Dans cet exemple, le groupe concerné se solidarise autour d’un mensonge, scellé par la loi du silence. C’est un exemple de « group think », une forme de pensée unique qui refuse toute autre version des évènements que la sienne et cherche à museler toute interrogation face aux contradictions.

Dans ce premier numéro de Regard conscient, vous lirez que cette logique prend naissance au sein de la famille, lorsque l’enfant est soumis au culte du secret (pages 4 et 5). Briser l’omerta familiale revient alors à ouvrir une véritable boîte de Pandore. Au niveau de la nation française, la Mission Interministérielle de Lutte contre les Sectes (MILS) fournit un exemple de réécriture de la mémoire collective à des fins de pouvoir (page 2). Dans ce cas, c’est une véritable milice de la pensée qui affirme sa volonté de faire taire toute remise en cause.

Mais d’autres dérives témoignent du rapport névrotique que l’homme moderne entretient avec sa propre mémoire. De gigantesques fichiers de données personnelles — ou plutôt impersonnelles — circulent désormais sur l’internet grâce aux efforts technologiques de firmes comme Microsoft (page 6), par exemple.

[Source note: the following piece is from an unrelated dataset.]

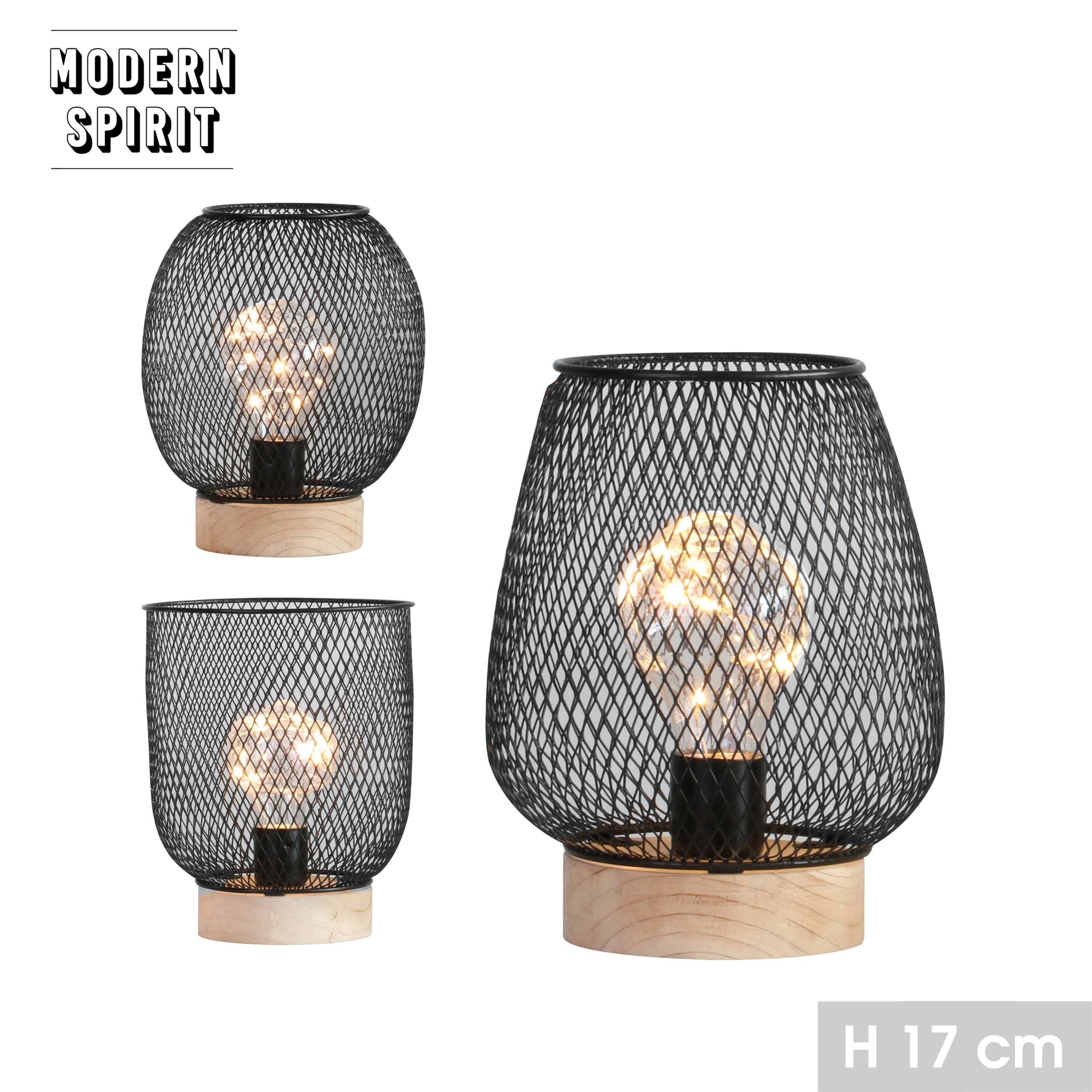 LED-Tischlampe Modern Spirit, Trapez, Holz und Metall, Schwarz — 2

L’existence de ces mémoires numériques, exploitables à des fins de profits réels ou supposés, inquiète les associations de défense de la vie privée.

De fait, le pouvoir que nous avons d’imposer le silence à nos souffrances se paye d’un prix exorbitant. Une masse incroyable de sentiments refoulés agissent à l’insu de notre conscience et constituent de véritables empreintes de comportement (page 3). Il est maintenant reconnu que les sévices infligés aux enfants dans leur jeune âge modifient le développement neuronal et provoquent diverses formes de dissociation de la personnalité.

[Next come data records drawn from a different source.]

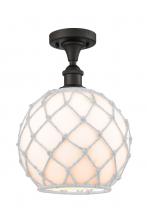  516-1C-OB-G121-10RW - Farmhouse Rope - 1 Light - 10 inch - Oil Rubbed Bronze - Semi-Flush Mount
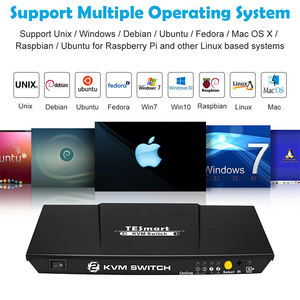 TESmart 2X1 Video Switcher HDMI KVM Switcher <strong>Use</strong> <strong>Keyboard</strong> <strong>Mouse</strong> Control 2 <strong>Computers</strong> 4k Usb Auto Switches KVM Switch - Product Image 4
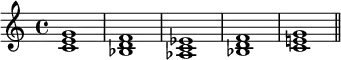  {
\relative c' {
   \clef treble
   \time 4/4
   \key c \major
   <c e g>1 <bes d f> <aes c es> <bes d f> <c e! g> \bar "||"
} }
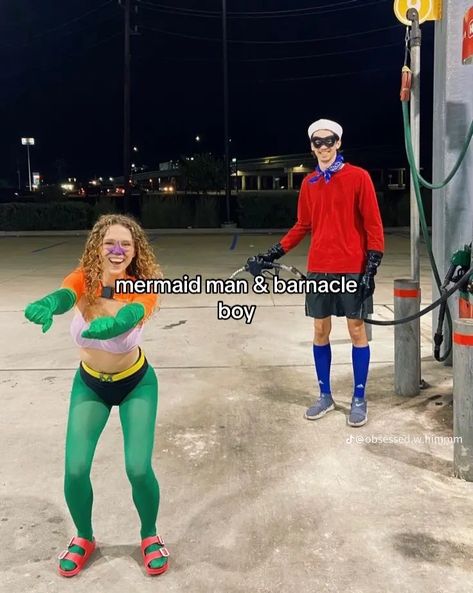 Spongebob Mermaidman And Barnacle Boy Costume, Mermaidman Spongebob Costume, Barnical Boy Spongebob Costume, Mermaid Man And Barnacle Boy Couple, Water Boy And Vicky Valencourt Costume, Mermaid Man And Barnacle Boy Costume Diy, Fish And Fisherman Couples Costume, Men Duo Halloween Costumes, Easy Men Costumes Halloween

C’est ici que le travail de mémoire, tant individuel que collectif, révèle son importance. Lever le voile sur nos souvenirs douloureux et accueillir les souffrances qui se présentent, telle semble être une voie de libération praticable ici et maintenant. C’est l’objectif que se donne un nouveau forum d’échange patronné par Alice Miller (page 8) et c’est aussi la raison d’être de ce journal.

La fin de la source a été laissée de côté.